[Source data Boundary: Start]

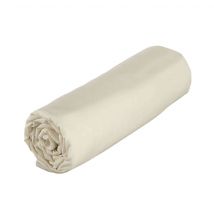 P'tit Basile - Drap housse bébé 100% coton bio 60x120 écru - - Ecru - Uni - 57 fils/cm²
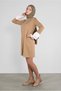 Slim Knitting Tunic with Volan 41072 - 2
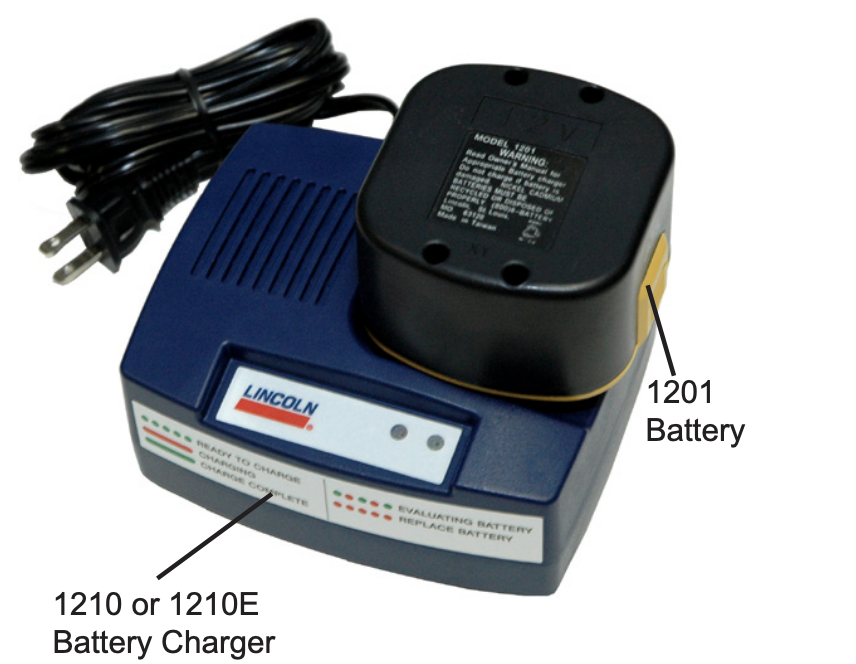 Lincoln Industrial 1261 BATTERY 12V (LIION) Air & Hydraulic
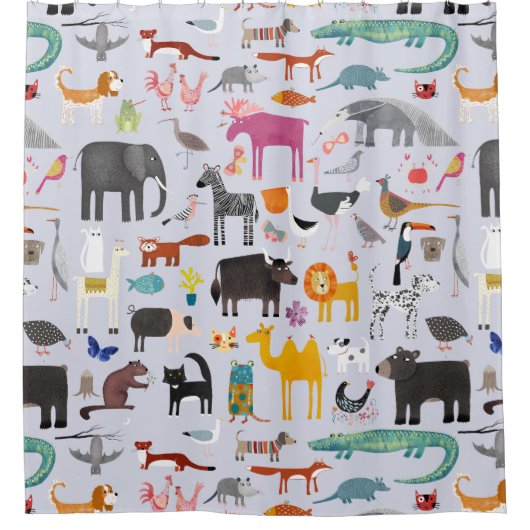 Rideaux De Douche Ménagerie animale (Devant)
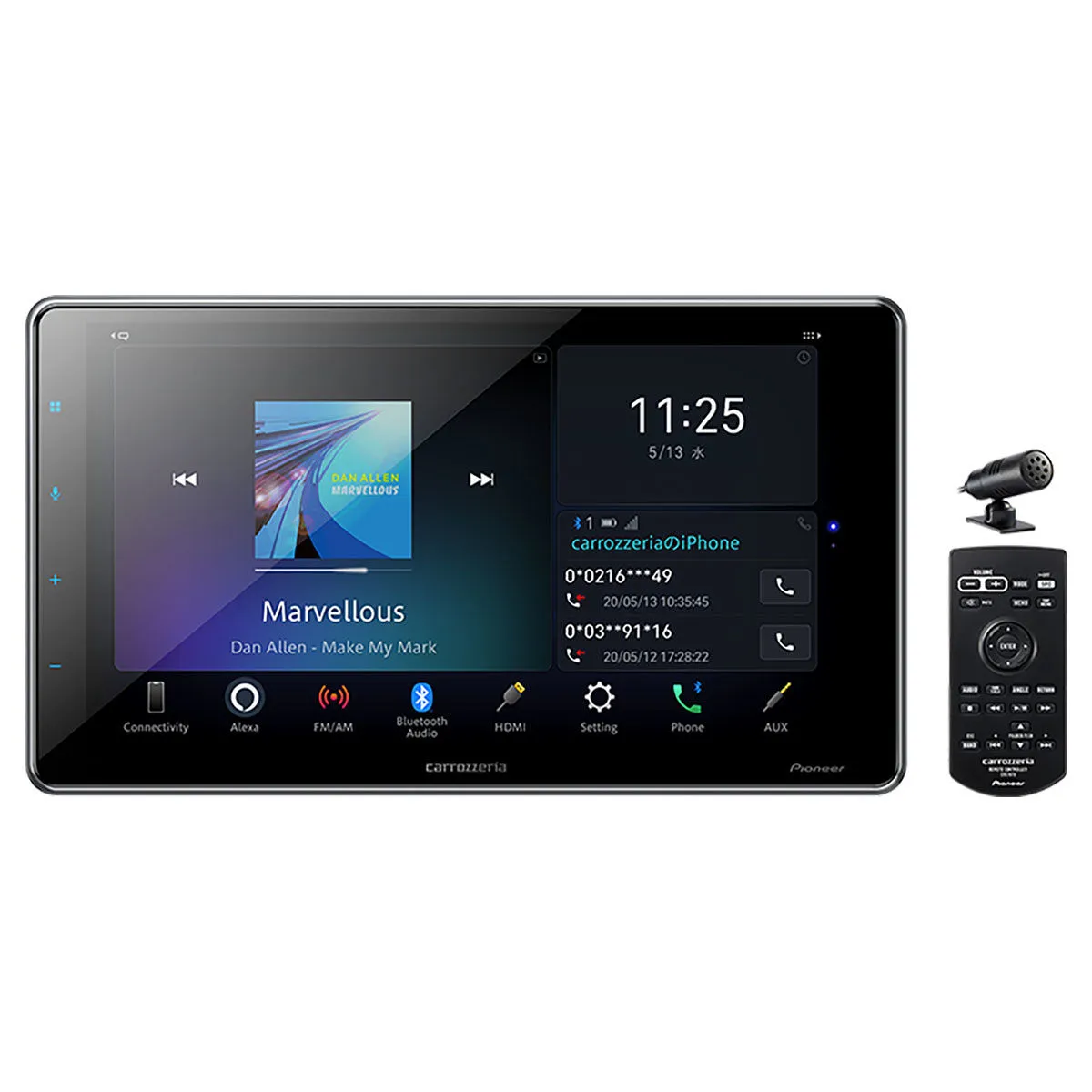 carrozzeria カロッツェリア パイオニア DMH-SF700　9型HD／Bluetooth／USB／チューナー・DSPメインユニット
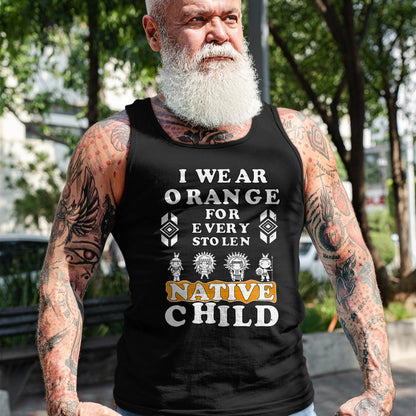 Native American T-Shirts, Vintage Native American Unisex T-Shirt/Hoodie/Sweatshirt HLT00 - I Wear Orange For Every American Native Child Indian Prid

[Source data Boundary: End]

Exercise brief:
Retyping should start at the first line of the data above and stop after the line with "carrozzeria カロッツェリア パイオニア", and no picture should be included.

Your solution:
 P'tit Basile - Drap housse bébé 100% coton bio 60x120 écru - - Ecru - Uni - 57 fils/cm²
 Slim Knitting Tunic with Volan 41072 - 2
 Lincoln Industrial 1261 BATTERY 12V (LIION) Air & Hydraulic
 Rideaux De Douche Ménagerie animale (Devant)
 carrozzeria カロッツェリア パイオニア DMH-SF700　9型HD／Bluetooth／USB／チューナー・DSPメインユニット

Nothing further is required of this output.